# How to make the Nuggets a champion team?



## toiletscrubber (Sep 22, 2002)

L.A. Lakers trades: 
C Shaquille O'neal (27.2 ppg, 10.7 rpg, 3.0 apg in 36.2 minutes) 
L.A. Lakers receives: 
PF Juwan Howard (14.6 ppg, 7.6 rpg, 2.1 apg in 32.5 minutes) 
C Andrew DeClercq (2.7 ppg, 2.7 rpg, 0.4 apg in 10.4 minutes) 
Change in team outlook: -9.9 ppg, -0.4 rpg, and -0.5 apg. 

Denver trades: 
PF Juwan Howard (14.6 ppg, 7.6 rpg, 2.1 apg in 32.5 minutes) 
C Marcus Camby (11.1 ppg, 11.1 rpg, 1.1 apg in 34.7 minutes) 
PG Mark Jackson (8.4 ppg, 3.8 rpg, 7.4 apg in 28.9 minutes) 
SF George McCloud (8.8 ppg, 3.6 rpg, 3.0 apg in 26.4 minutes) 
SF Nikoloz Tskitishvili (8.8 ppg, 3.6 rpg, 3.0 apg in 26.4 minutes) 
SF Maybyner Hilario (8.8 ppg, 3.6 rpg, 3.0 apg in 26.4 minutes) 
SG James Posey (10.7 ppg, 5.9 rpg, 2.5 apg in 30.7 minutes) 
SF Ryan Bowen (4.8 ppg, 4.0 rpg, 0.7 apg in 22.5 minutes) 
PF Don Reid (3.3 ppg, 2.6 rpg, 0.4 apg in 10.5 minutes) 
Denver receives: 
C Shaquille O'neal (27.2 ppg, 10.7 rpg, 3.0 apg in 67 games) 
PF Dirk Nowitzki (23.4 ppg, 9.9 rpg, 2.5 apg in 76 games) 
SG Tracy McGrady (25.6 ppg, 7.9 rpg, 5.3 apg in 76 games) 
Change in team outlook: +14.5 ppg, -10.1 rpg, and -6.4 apg. 

Dallas trades: 
PF Dirk Nowitzki (23.4 ppg, 9.9 rpg, 2.5 apg in 38.0 minutes) 
Dallas receives: 
PG Mark Jackson (8.4 ppg, 3.8 rpg, 7.4 apg in 82 games) 
Change in team outlook: -15.0 ppg, -6.1 rpg, and +4.9 apg. 

Orlando trades: 
SG Tracy McGrady (25.6 ppg, 7.9 rpg, 5.3 apg in 38.3 minutes) 
C Andrew DeClercq (2.7 ppg, 2.7 rpg, 0.4 apg in 10.4 minutes) 
Orlando receives: 
C Marcus Camby (11.1 ppg, 11.1 rpg, 1.1 apg in 29 games) 
SF George McCloud (8.8 ppg, 3.6 rpg, 3.0 apg in 69 games) 
SF Nikoloz Tskitishvili (8.8 ppg, 3.6 rpg, 3.0 apg in 69 games) 
SF Maybyner Hilario (8.8 ppg, 3.6 rpg, 3.0 apg in 69 games) 
SG James Posey (10.7 ppg, 5.9 rpg, 2.5 apg in 73 games) 
SF Ryan Bowen (4.8 ppg, 4.0 rpg, 0.7 apg in 75 games) 
PF Don Reid (3.3 ppg, 2.6 rpg, 0.4 apg in 68 games) 
Change in team outlook: +10.4 ppg, +16.6 rpg, and +2.0 apg. 

TRADE ACCEPTED

This is obviously a joke,(plus Mark Jackson is already been waived) but it would actually make the Nuggets very scary, here is the break down

obviously, the Laker and the Mavs gain nothing from this trade, but Kobe would be very happy the fact that he is the franchise player of this team. As for the Mavs, well, they free up space to sign Duncan or other big agents. 

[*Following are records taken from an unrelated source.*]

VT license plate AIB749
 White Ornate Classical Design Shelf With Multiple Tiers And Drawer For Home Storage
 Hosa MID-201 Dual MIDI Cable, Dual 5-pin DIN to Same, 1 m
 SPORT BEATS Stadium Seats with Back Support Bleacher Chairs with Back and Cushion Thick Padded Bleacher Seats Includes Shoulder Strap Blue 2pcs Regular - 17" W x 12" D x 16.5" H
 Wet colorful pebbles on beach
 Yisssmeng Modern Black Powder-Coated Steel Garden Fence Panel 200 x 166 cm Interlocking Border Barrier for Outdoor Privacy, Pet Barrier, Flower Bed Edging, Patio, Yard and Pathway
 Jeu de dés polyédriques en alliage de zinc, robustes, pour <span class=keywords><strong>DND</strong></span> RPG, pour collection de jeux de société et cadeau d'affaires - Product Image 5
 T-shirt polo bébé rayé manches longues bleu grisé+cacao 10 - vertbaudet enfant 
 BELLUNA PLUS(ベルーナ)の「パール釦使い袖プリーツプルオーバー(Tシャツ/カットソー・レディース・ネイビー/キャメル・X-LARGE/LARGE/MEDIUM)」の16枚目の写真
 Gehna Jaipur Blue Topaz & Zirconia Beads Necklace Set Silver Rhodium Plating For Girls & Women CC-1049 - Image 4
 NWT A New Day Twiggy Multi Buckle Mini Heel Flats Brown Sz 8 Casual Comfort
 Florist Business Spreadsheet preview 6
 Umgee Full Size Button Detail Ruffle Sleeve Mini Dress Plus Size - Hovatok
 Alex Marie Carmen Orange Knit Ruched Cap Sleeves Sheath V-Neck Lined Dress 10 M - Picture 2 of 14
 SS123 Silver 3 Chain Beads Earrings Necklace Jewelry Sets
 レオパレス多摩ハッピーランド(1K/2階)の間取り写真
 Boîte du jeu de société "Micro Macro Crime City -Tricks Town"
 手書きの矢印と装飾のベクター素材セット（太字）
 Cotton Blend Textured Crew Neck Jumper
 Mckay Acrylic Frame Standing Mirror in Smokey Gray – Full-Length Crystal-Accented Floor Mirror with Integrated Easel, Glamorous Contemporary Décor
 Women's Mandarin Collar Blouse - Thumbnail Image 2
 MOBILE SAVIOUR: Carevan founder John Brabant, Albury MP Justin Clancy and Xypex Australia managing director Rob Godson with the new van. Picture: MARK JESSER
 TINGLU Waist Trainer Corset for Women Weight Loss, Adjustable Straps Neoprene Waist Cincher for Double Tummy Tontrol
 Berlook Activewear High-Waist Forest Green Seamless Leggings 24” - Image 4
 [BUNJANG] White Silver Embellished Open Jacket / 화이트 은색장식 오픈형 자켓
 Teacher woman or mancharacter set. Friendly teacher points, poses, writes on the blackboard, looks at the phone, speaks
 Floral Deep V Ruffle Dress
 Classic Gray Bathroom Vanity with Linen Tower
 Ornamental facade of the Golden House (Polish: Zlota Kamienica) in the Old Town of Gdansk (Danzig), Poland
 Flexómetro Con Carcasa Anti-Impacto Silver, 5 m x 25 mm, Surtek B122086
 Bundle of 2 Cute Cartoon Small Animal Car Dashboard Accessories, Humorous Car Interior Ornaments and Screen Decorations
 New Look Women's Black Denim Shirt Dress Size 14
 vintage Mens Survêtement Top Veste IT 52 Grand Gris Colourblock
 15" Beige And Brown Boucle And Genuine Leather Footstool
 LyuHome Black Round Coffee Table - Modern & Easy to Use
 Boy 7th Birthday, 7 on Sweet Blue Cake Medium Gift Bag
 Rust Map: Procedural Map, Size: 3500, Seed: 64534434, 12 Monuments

the Magics, well they got Skita and Nene, and Camby , and Posey and a bunch of fillers.

Now, let's look at the Nuggets.
Shaq
Dirk/Harvey
T-Mac
Savovic/Yarborough
Sattlefield

Honstely, with Shaq, Dirk, and T-Mac, other players just doesn't matter, there is the list of players they could sign
Wang Zhi Zhi
rod Strickland
Jim Jackson
Michael Redd
Dell Curry
and pick up a back up centre like Oliver Miller, Christopersen, Loren Woods

and this :
Shaq/Woods/
Wang/Harvey
Dirk/Yarborugh/Curry
T-Mac/Jackson/Redd/Savovic
Strickland/Satterfield

is a solid team

Once again, this trade is impossible, but it's cool to see what Denver could be like.


----------



## ScottVdub (Jul 9, 2002)

what's the point of this?


----------



## robyg1974 (Jul 19, 2002)

> Originally posted by <b>ScottVdub</b>!
> what's the point of this?


I agree, this is a completely pointless post. What happened to all of our users over the past few weeks?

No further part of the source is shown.